__ASSIGNMENT__.
From the records that follow, give the number of lines that include the word "iPhone", with no further words.

Scraped caption text data
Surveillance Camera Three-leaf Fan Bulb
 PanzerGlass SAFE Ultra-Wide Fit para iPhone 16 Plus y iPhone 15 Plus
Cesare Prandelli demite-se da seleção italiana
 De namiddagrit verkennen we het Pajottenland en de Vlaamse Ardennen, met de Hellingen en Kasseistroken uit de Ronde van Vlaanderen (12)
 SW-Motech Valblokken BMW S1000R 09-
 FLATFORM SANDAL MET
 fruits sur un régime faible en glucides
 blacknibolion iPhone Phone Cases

__RESPONSE TO THE EXERCISE__.
2